STUDY AIDS : IN POPULAR CULTURE
This, the most famous film version of the novel, stars Boris Karloff as the Monster and Colin Clive as Henry Frankenstein [sic], with Mae Clarke (Elizabeth), John Boles, Dwight Frye (Frankenstein's hunchback assistant, Fritz), and Edward Van Sloan. Universal Studios and producer Carl Laemmle, following on the success of their Dracula (based on Bram Stoker's novel) the year before, chose director James Whale to bring Mary Shelley's novel to the screen.
The film was based on Peggy Webling's 1927 stage adaptation, with a screenplay by Robert Florey, Richard Schayer, and Garrett Fort. Two well-known actors—Bela Lugosi and John Carradine—turned down the role of the Creature, unhappy that it had no lines. Whale brought in a relative unknown, Boris Karloff, whose career was newly launched with the success of the picture.
The film's budget was $262,000, of which $10,000 was spent on special effects—an exorbitant amount at the time. Karloff made famous the makeup of Jack Pierce. Kenneth Strickfaden's fantastic electrical equipment is also among the most memorable features of the film.

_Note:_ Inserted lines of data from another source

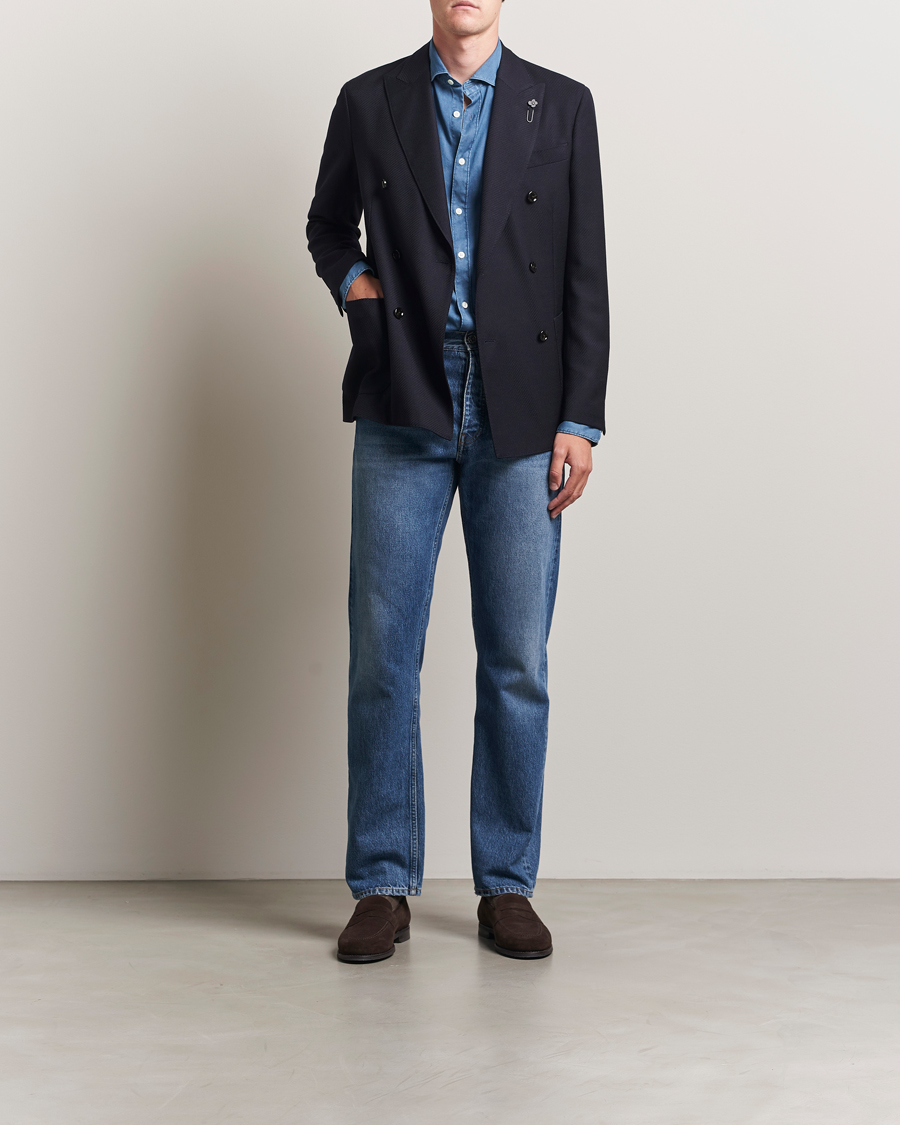 Men | Blazers | Lardini | Double Breasted Twisted Wool Blazer Navy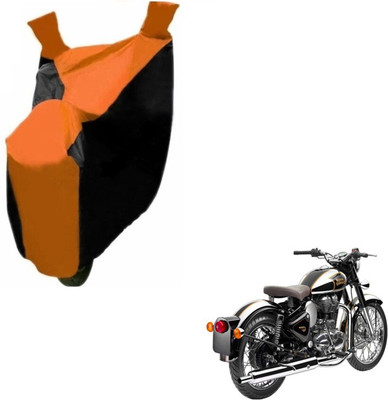 MOCKHE Two Wheeler Cover for Royal Enfield(Classic Chrome, Black, Orange)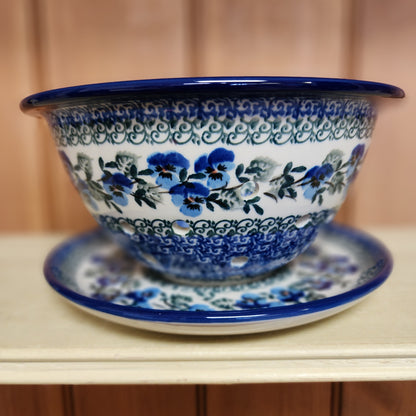 Berry Bowl w/ Saucer ~ 8"W 2273X ~ Winter Viola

Universal in fact filmed two endings, and in the end chose to release the one with the happy conclusion. The movie was hastily filmed: production began on 24 August 1931, and the movie opened on 4 November of that year. Frankenstein was an immediate sensation; drawing over one million dollars in its first run—more than twice the take of Dracula (1930)—it became one of Universal's most successful productions ever. Universal therefore featured Karloff as the Creature in two more Universal films, The Bride of Frankenstein (1935) and The Son of Frankenstein (1939).